Thursday, October 24, 2013

Fishy CapStar Consulting Deal


I find it amazing how people at the top find ways to enrich one another.  Does this pass the smell test, especially if the parties have knowledge that the condition stipulating payment will occur?

Gentiva entered into a five-year consulting agreement (the “Consulting Agreement”) with Javelin Healthcare Holdings, LLC, now named Harden Healthcare Holdings, LLC and an indirectly owned subsidiary of Gentiva, and Capstar, pursuant to which Capstar will provide the Surviving Company with certain transitional, strategic or commercial matters, including assistance with the development and maintenance of relationships with key customers and third party payors, and any other services as may appear to the Surviving Company from time to time to be necessary or appropriate in connection with the foregoing. 

Pursuant to the Consulting Agreement, Gentiva and the Surviving Company have agreed to pay Capstar an amount equal to $1.0 million per year (commencing as of January 1, 2014) if the Community Care Rate (as defined in the Consulting Agreement) exceeds the Base Community Care Rate (as defined in the Consulting Agreement). If for a given year the Community Care Rate fails to exceed the Base Community Care Rate, Capstar will not be entitled to any payment under the Consulting Agreement for such year. 

Additionally, on the Closing Date, Gentiva entered into an agreement pursuant to which Capstar Investment Partners, L.P., a Texas limited partnership in which Mr. Hicks has an indirect material interest (“Capstar L.P.”), has agreed, to terminate a certain sublease agreement in connection with the consummation of the Mergers.
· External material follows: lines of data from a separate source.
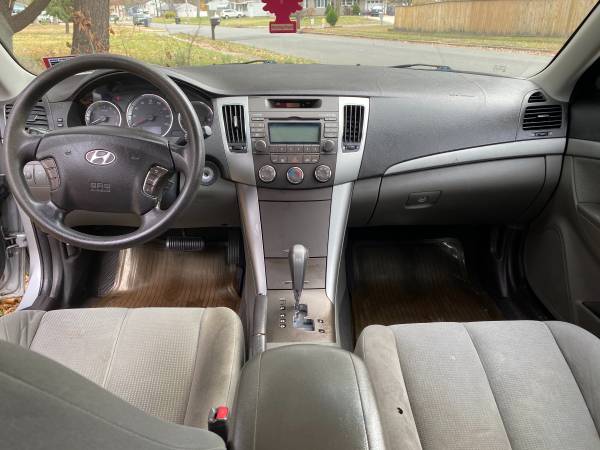 2009 HYUNDAI SONATA..130k - cars & trucks - by owner - vehicle... for sale in Toms River, NJ – photo 9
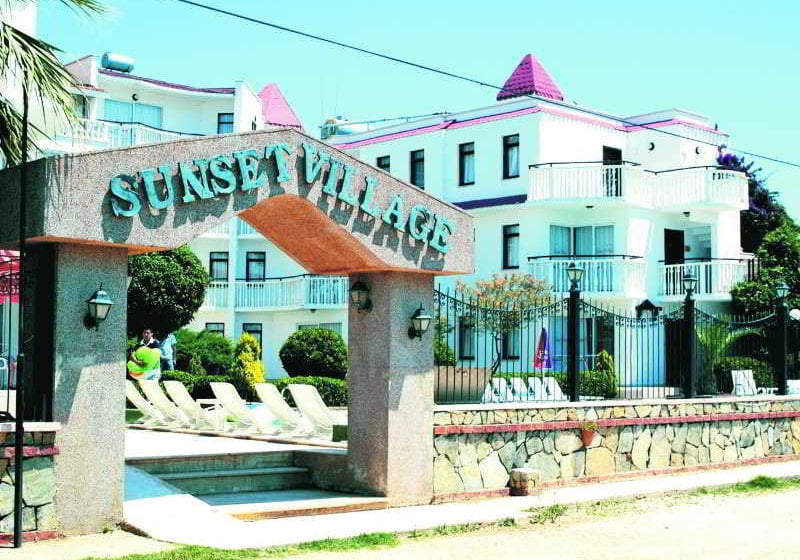Hotel Sunset Village
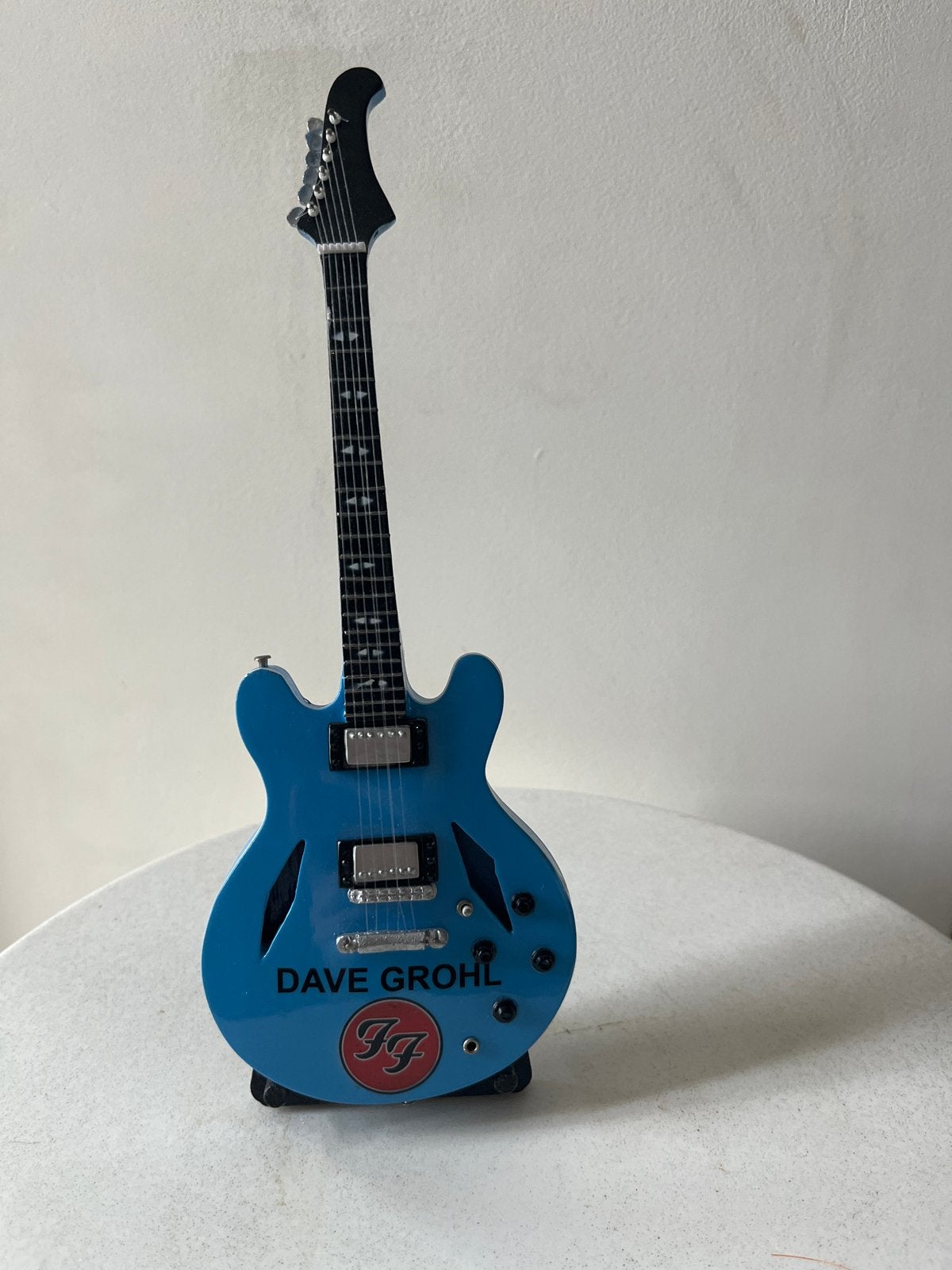 Miniatuur gitaar Dave Grohl Foo Fighters, Ophalen, Zo goed als nieuw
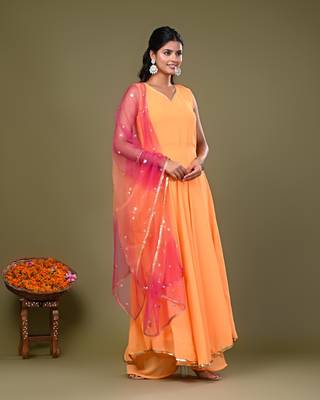  Peach Anarkali Dress with Tie and Dye Dupatta 3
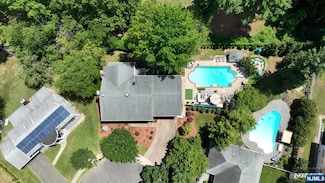 254 University Way, Paramus, NJ 07652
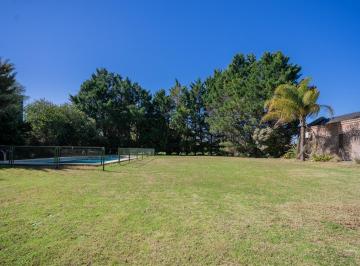 Terreno · 900m² · Se Vende Doble Lote en El Golf Chascomús Country Club - Muy Buena Ubicación.
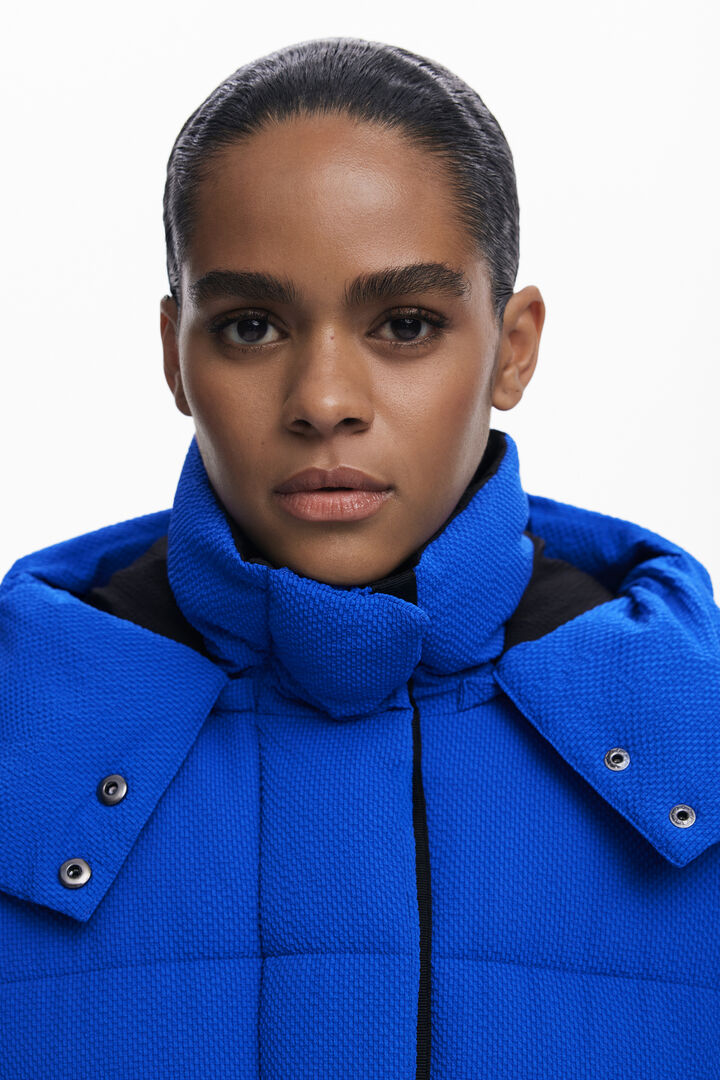 Veste matelassée longue avec ceinture | Desigual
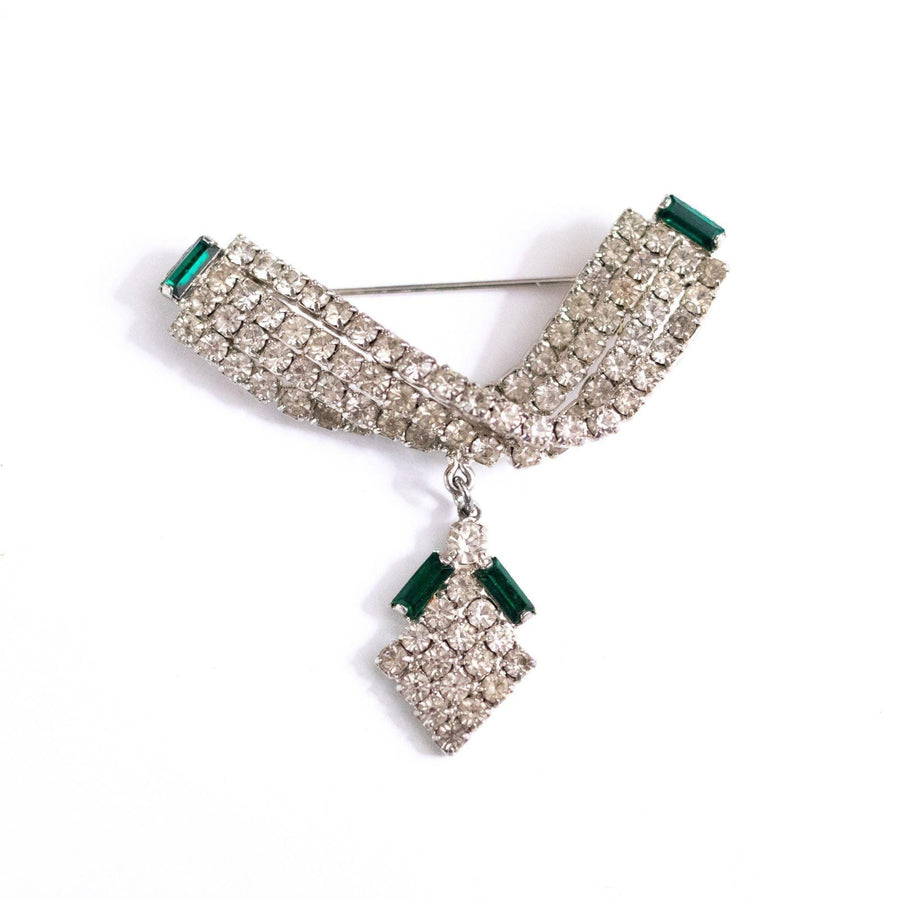 Vintage Emerald and Diamante Crystal Dangle Brooch by Vintage Meet Modern - Vintage Meet Modern Vintage Jewelry - Chicago, Illinois - #oldhollywoodglamour #vintagemeetmodern #designervintage #jewelrybox #antiquejewelry #vintagejewelry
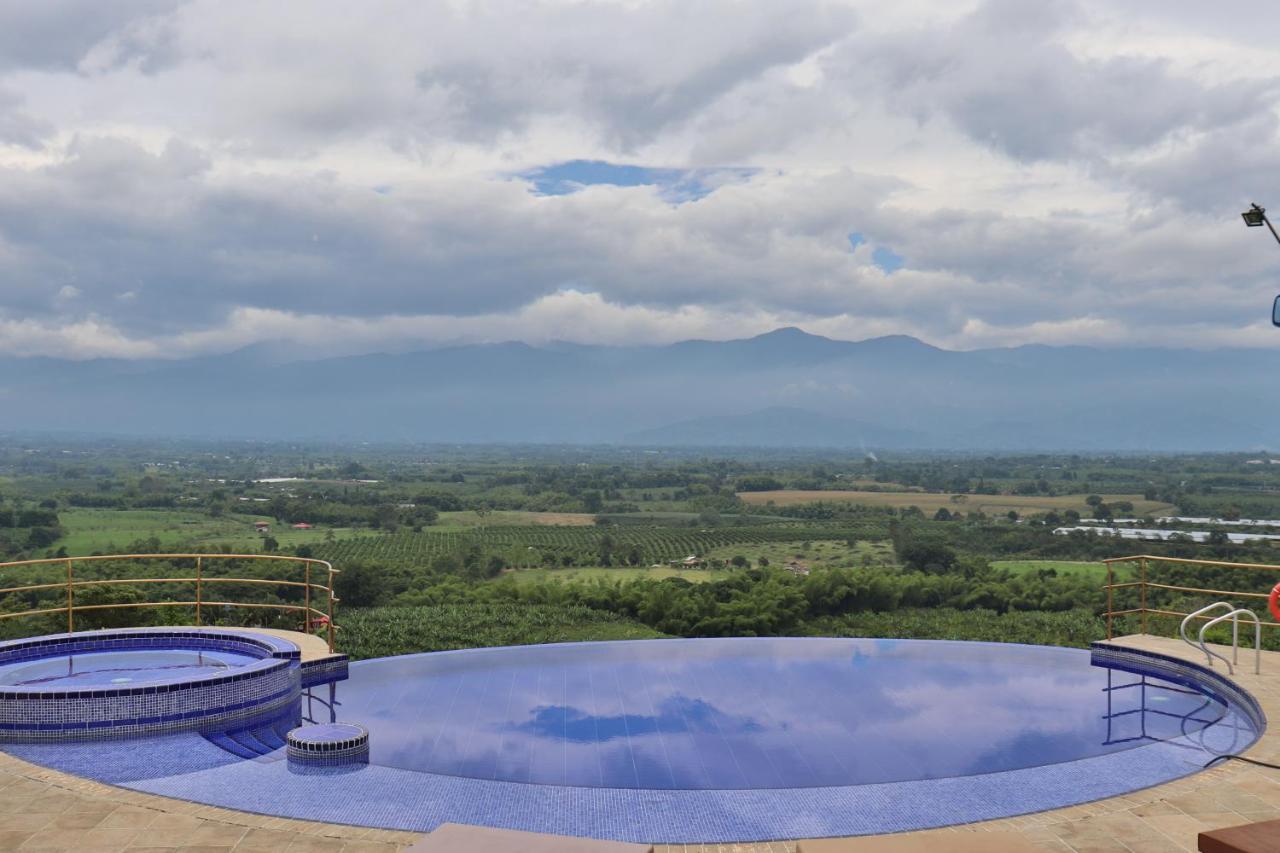 Hotel Tata Premium Pueblo Tapao Buitenkant foto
Under this agreement, Gentiva has agreed to pay Capstar L.P., for each of five calendar years commencing January 1, 2014, an amount equal to either (i) $750,000 if the Community Care Rate exceeds the Base Community Care Rate for such year and (ii) zero dollars if the Community Care Rate fails to exceed the Base Community Care Rate for such year. 

As for 2014 Medicaid Companion Care rates:

For fiscal year 2014 and thereafter, this component will be determined by summing total reported foster/companion care coordinator wages and allocated payroll taxes and benefits from the most recently available audited cost report, inflating those costs to the rate period and dividing the resulting product by the total number of foster care units of service reported on that cost report. 

If companion care rates automatically inflate in 2014 Capstar's $1.75 million payment is in the bag.  One might've thought $409 million in cash and stock would've been enough for Capstar.  It looks like they may pull another $8.75 million from Gentiva.  How many people will be fired to fund this private equity enrichment plan?

As for Capstar's commitment to quality, none of their hospice physicians are board certified in hospice and palliative medicine.  All of our site's physicians are board certified.

This deal looks more financial and less patient care oriented as news dribbles out.  Leading provider now means "just a little bit better than our competition."

Our site used to provide the best service, hands down.  Gentiva took that away.  How much lower can it go as executive enrichment grows?  Sad days, indeed.


P.S. - The Chairman of Capstar Partners, now Vice Chair of Gentiva's board, will sell nearly 2.3 million shares of GTIV, valued at over $27 million.  Gentiva employees got their PTO benefit reduced.